Un voleur nommé Elvis
L’ouverture, filmée en 35 mm du côté de Marseille (coproduction française oblige), entre Château d’If et Calanques, devait être merveilleuse. Elle paraît surtout très décousue, avec notre conteuse s’échappant du palais en quête d’enchantement, faisant diverses rencontres et finissant par retrouver son père, le Grand Vizir, qui la rappelle à l’ordre. Dans cette version, Bagdad est située sur une île, Schéhérazade (Crista Alfaiate) se laisse presque séduire par un bellâtre serial procréateur du nom de Paddleman, capture un génie du vent dans une lampe puis croise encore un voleur heureux (mais qui finira mal) du nom d’Elvis, sans oublier des promeneurs d’aujourd’hui. Pour finir, le cinéaste lui-même apparaît sous une grande roue où père et fille se trouvent tendrement réunis, avant qu’elle ne reprenne ses récits en voix off.

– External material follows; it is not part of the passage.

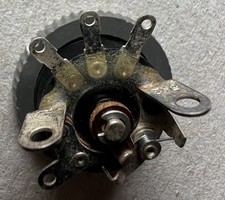 Poti für T120 Mikki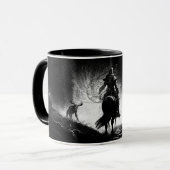Mug Sword et Sorcery (Devant gauche)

Apprendre aux pinsons à chanter
Même avec l’appui de textes surabondants imprimés à l’écran, tout ceci peine à faire sens. On est intrigué, mais le sortilège des volets précédents est rompu. Suit «Le chant enivrant des pinsons», sur ces hommes qui, aux abords de l’aéroport de Lisbonne, s’adonnent à la capture (illégale) de pinsons pour leur réapprendre à chanter (en leur faisant écouter des enregistrements). Ici, le film renoue avec ses débuts en forme de documentaire social, en allant regarder du côté des déshérités, sous-prolétaires d’un ancien bidonville relogés dans des barres modernes. Sauf que ceux-là ne paraissent plus à une crise près et que cette fois, le récit paraît de bien longue haleine, s’étendant sur de nombreuses «nuits» et les trois quarts du «volume».
Lecture floue
Le démiurge Gomes redevient simple observateur attentif, ne s’autorisant plus qu’une dernière embardée narrative: l’histoire de Forêt Chaude, une étudiante chinoise venue à Lisbonne qui y a rencontré un policier dont elle est devenue la maîtresse, bientôt abandonnée. Le tout raconté off en mandarin sous-titré sur fond d’images d’une grande grève de la police, avant de revenir aux pinsonniers, parmi lesquels on aura reconnu le vieux Chico Chapas, qui incarnait le bandit Simão Sem Tripas dans le volet précédent.
C’est sans doute là que se joue l’appréciation globale du projet. Volet à la fois le plus radical et le plus désinvolte du triptyque, forcément génial pour les inconditionnels, «L’Enchanté» risque surtout de rester illisible. Est-on censé trouver ces concours magnifiques ou dérisoires? Y voir la métaphore d’un chant captif ou y lire la nostalgie d’une nature et d’une révolution perdues? On y pense, mais on s’ennuie aussi un peu. D’où une expérience en demi-teinte qui clôt de manière peu satisfaisante ce film démesuré.
Les Mille et Une Nuits, vol. 3: L’Enchanté (As Mil e Uma Noites, vol. 3: O Encandado), de Miguel Gomes (Portugal, France, Allemagne, Suisse, 2015), avec Crista Alfaiate, Américo Silva, Carloto Cotta, Chico Chapas, Bernardo Alves, Guo Jinglin. 2h06.